Read The Secret History Online
Authors: Donna Tartt
“I’d rather one of mine be kidnapped than out in this snow for six days,” said Mrs. O’Rourke.
“Well, I certainly hope that nothing has happened to him. You know, don’t you, that his family is here? Have you seen them?”
“Not today,” said Henry.
“Of course, of course,” said Julian hastily. He disliked the Corcorans. “I haven’t been to see them either, it’s really not the time to intrude.… This morning I did run into the father quite by accident, and one of the brothers as well. He had a baby with him. Riding it on his shoulders as if they were on their way to a picnic.”
“Little one like him had no business being out in this weather,” said Mrs. O’Rourke. “Hardly three years old.”
“Yes, I’m afraid I
agree
. I can’t imagine why anyone would have a baby along on something like this.”
“I certainly wouldn’t have let one of mine yell and carry on like that.”

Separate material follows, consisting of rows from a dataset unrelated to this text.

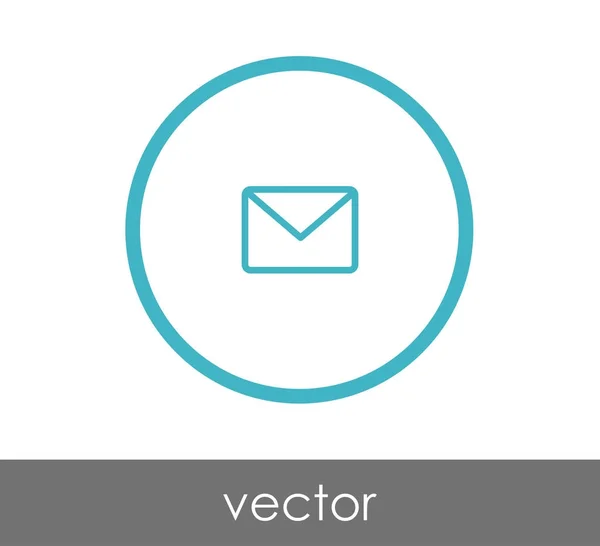 Umschlagzeichen-Symbol — Stockvektor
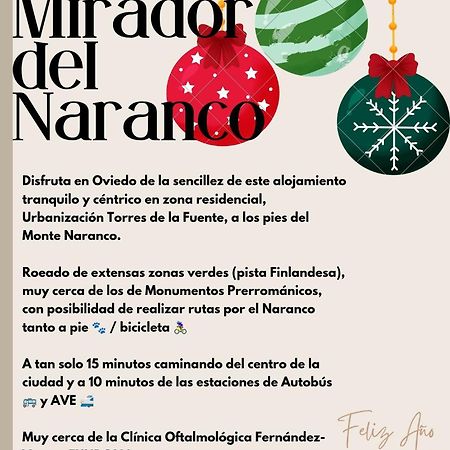 شقة Atico Mirador Del Naranco, Parking Gratuito, Wifi, Zona Residencial اوفيدو المظهر الخارجي الصورة
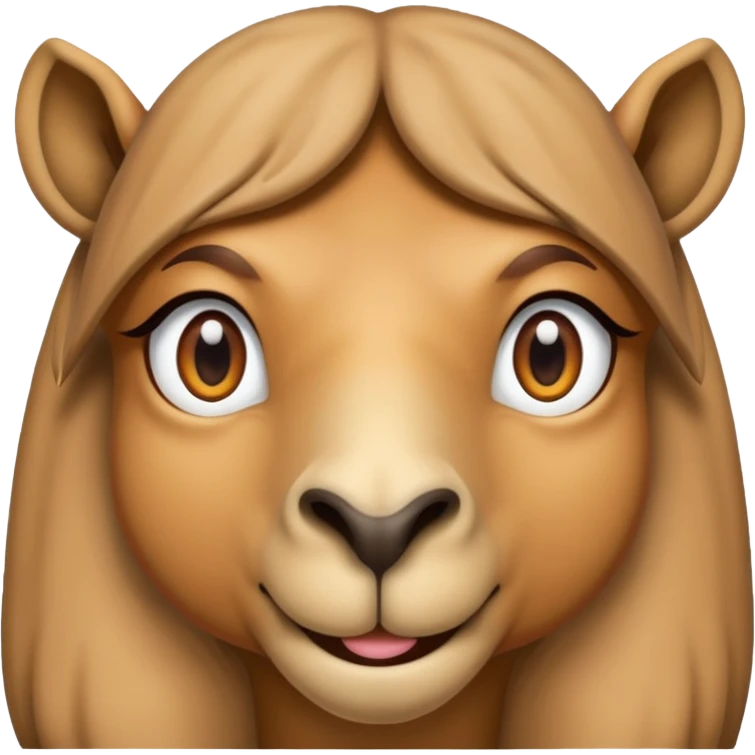 camel, just face different colored emoji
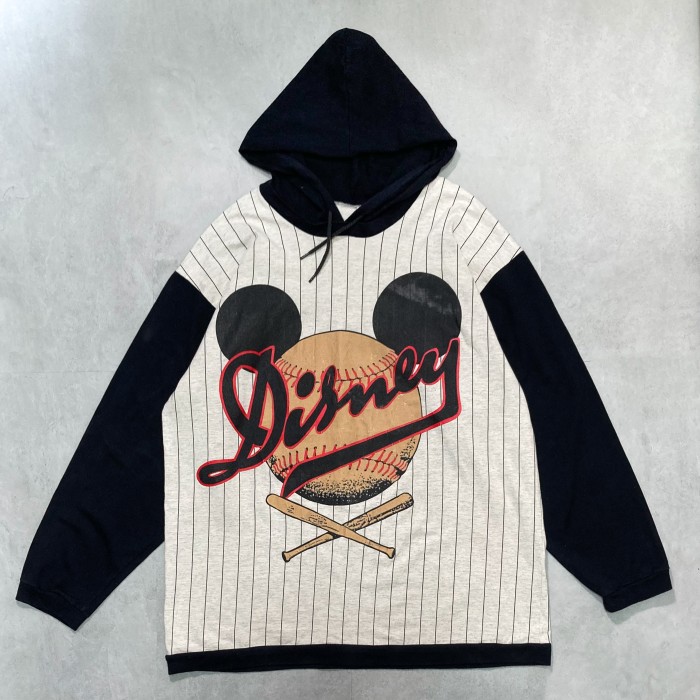 90s Disney hooded baseball L/S T-shirt | Vintage.City 빈티지숍, 빈티지 코디 정보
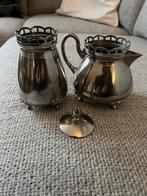 Verzilverd suiker en roomstel, Antiek en Kunst, Ophalen of Verzenden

“Perhaps it was cold,” murmured Julian. The tone he used was a delicate cue that he had tired of the subject and wished to stop talking about it.
Henry cleared his throat. “Did you talk to Bunny’s father?” he said.
“Only for a moment. He—well, I suppose we all have different ways of handling these things.… Edmund looks a great deal like him, doesn’t he?”
“All the brothers do,” said Camilla.
Julian smiled. “Yes! And so many of them! Like something from a fairy story.…” He glanced at his watch. “Goodness,” he said, “it’s late.”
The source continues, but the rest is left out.